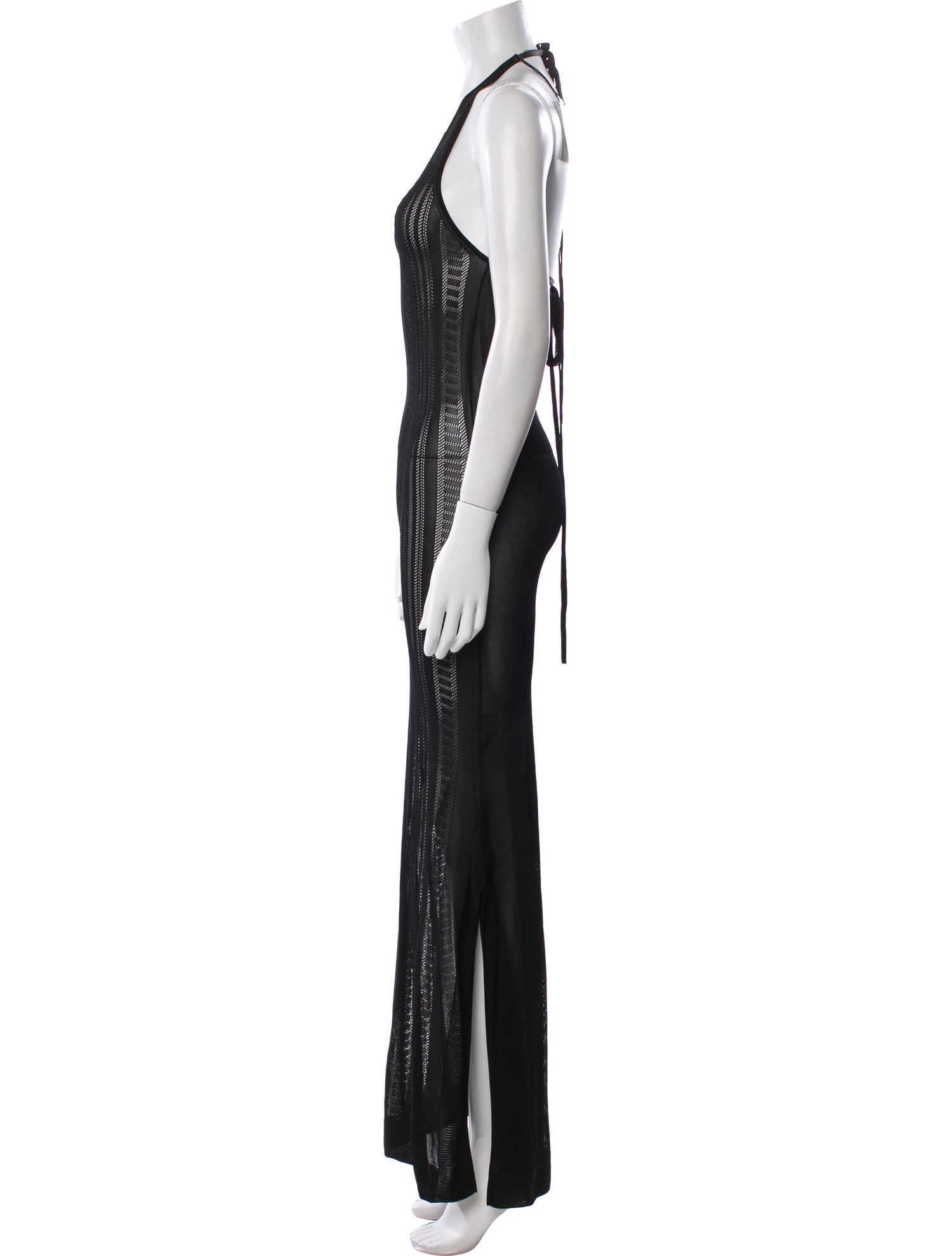 Donde Esteban Scoop Neck Long Dress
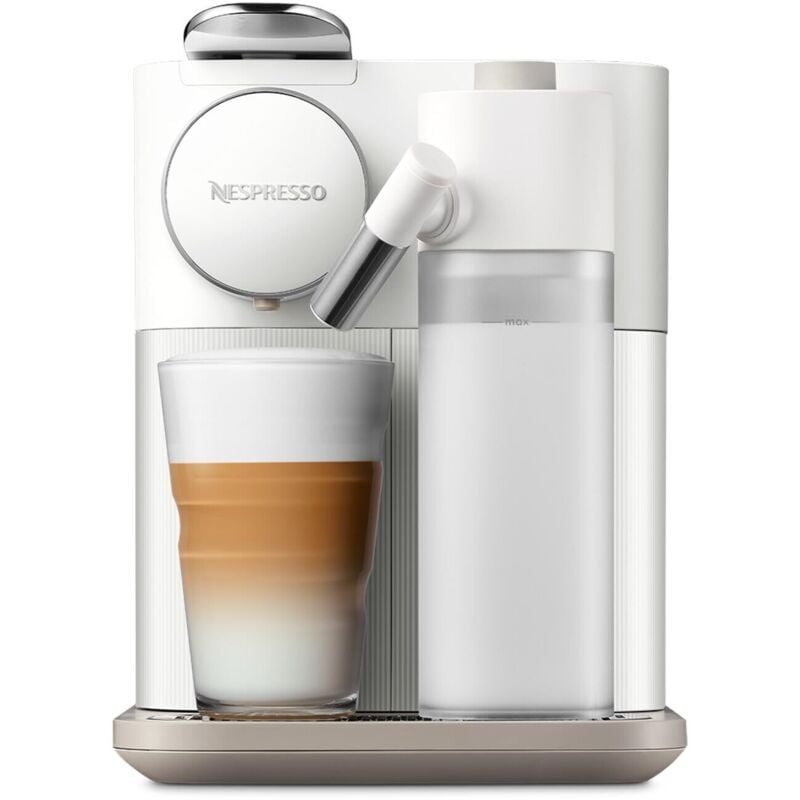 foto del prodotto delonghi en 640.w gran lattissima macchina da caffe' nespresso bianca pannello intuitivo spegnimento automatico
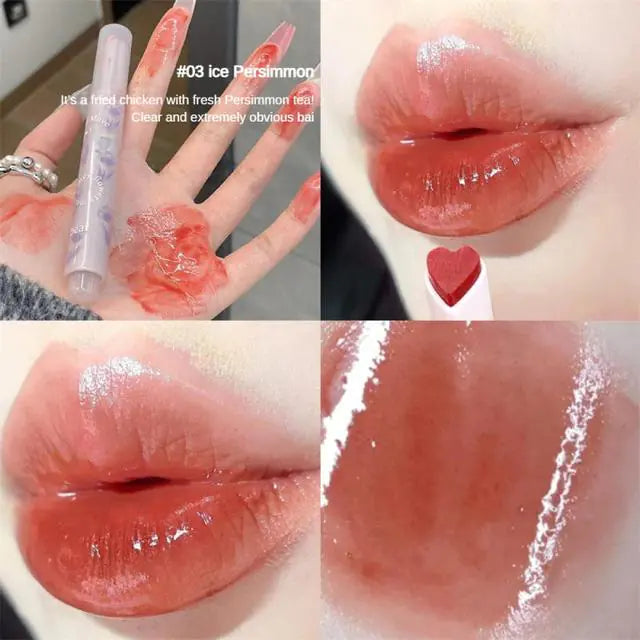 Flower Love Jelly Mirror Lipstick - Waterproof & Moisturizing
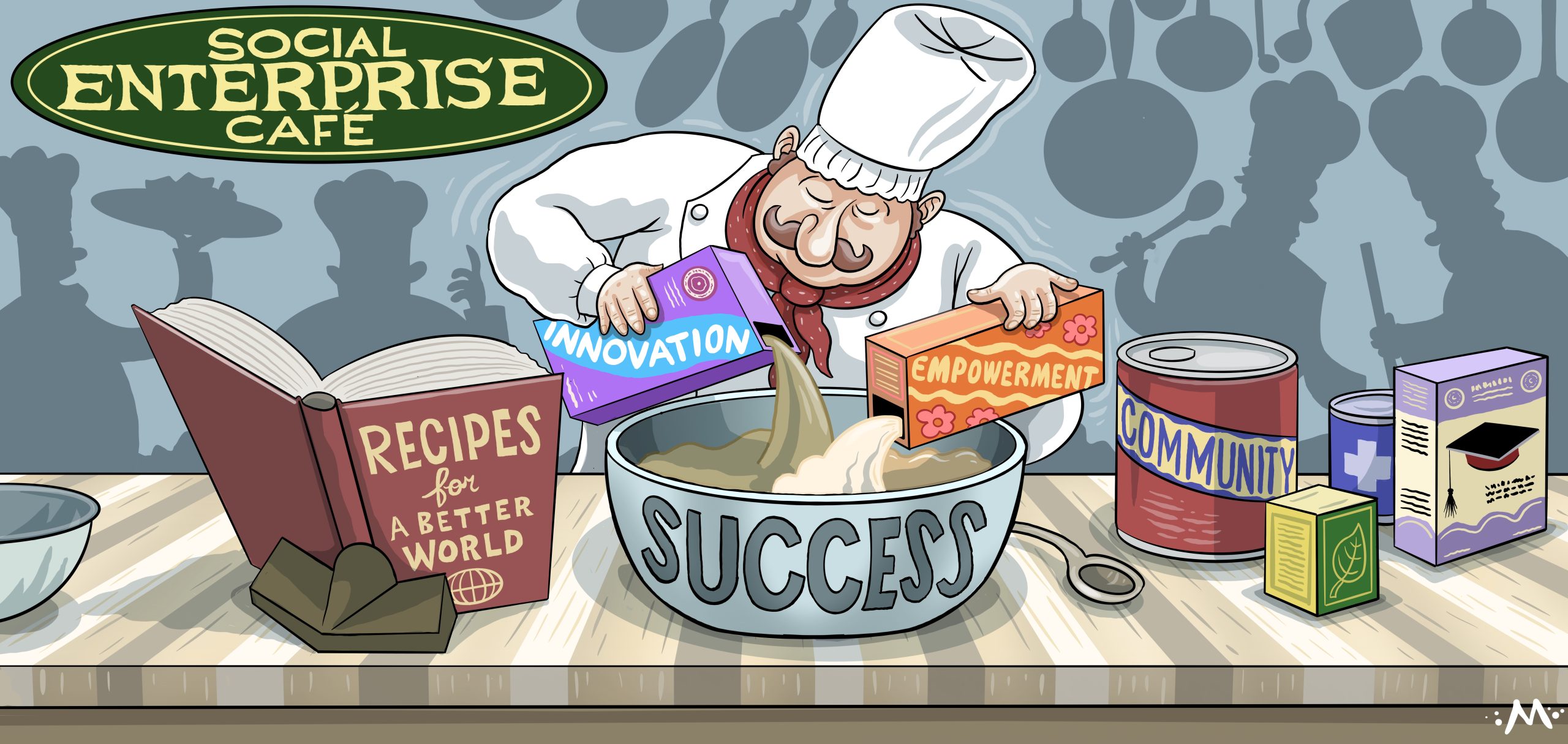 How can social enterprise contribute to a brighter future?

• • •

## What to work on
Retype everything in the material word for word, minus pictures.

## Solution to this task
 Donde Esteban Scoop Neck Long Dress
 foto del prodotto delonghi en 640.w gran lattissima macchina da caffe' nespresso bianca pannello intuitivo spegnimento automatico
 Flower Love Jelly Mirror Lipstick - Waterproof & Moisturizing
 How can social enterprise contribute to a brighter future?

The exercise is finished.